** Information shown follows **

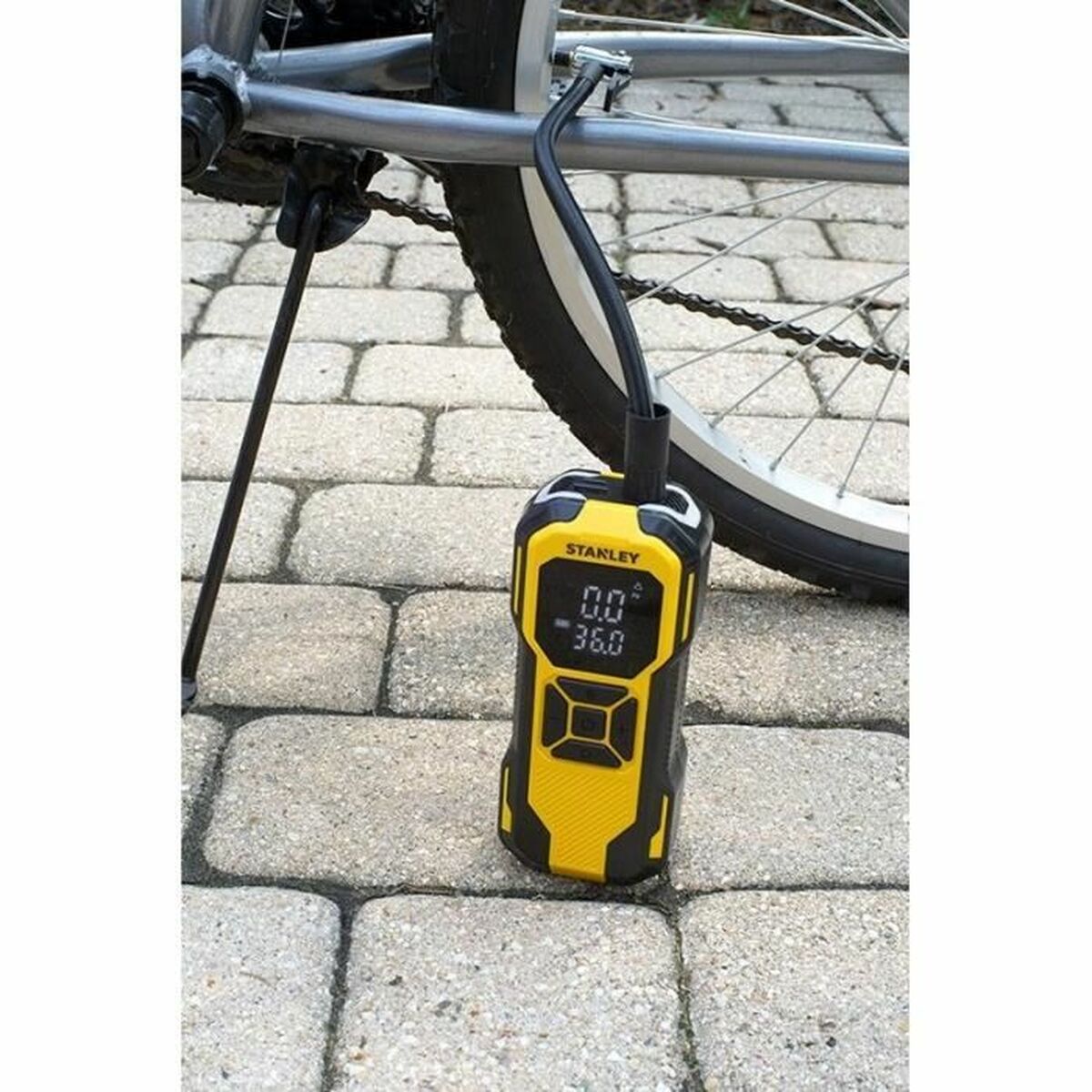 Luftkompressor Stanley 12 L/MIN - 2
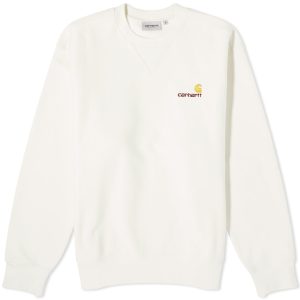 Carhartt WIP American Script Crew Sweat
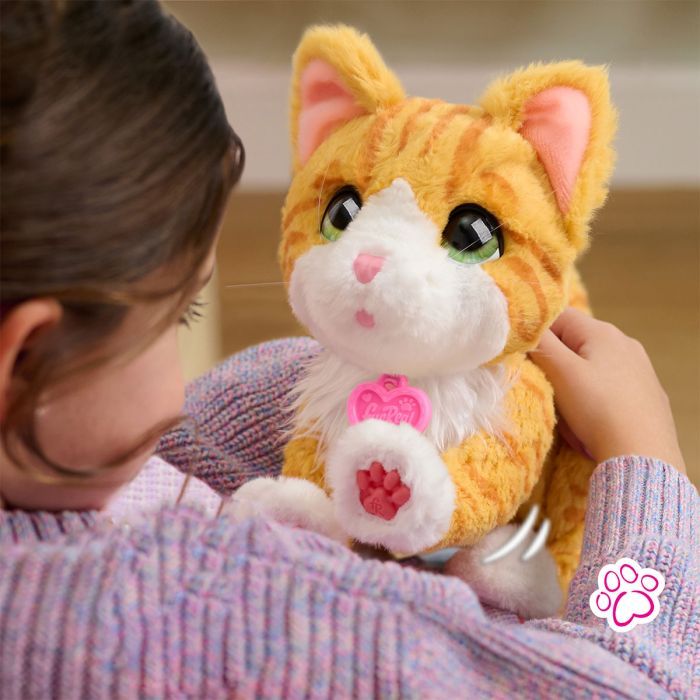 Интерактивная игрушка Furreal Кошечка Белла (28141) изображение 7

** End of Information shown **

Leaving out the pictures, transcribe the material above exactly.

 Luftkompressor Stanley 12 L/MIN - 2
 Carhartt WIP American Script Crew Sweat
 Интерактивная игрушка Furreal Кошечка Белла (28141) изображение 7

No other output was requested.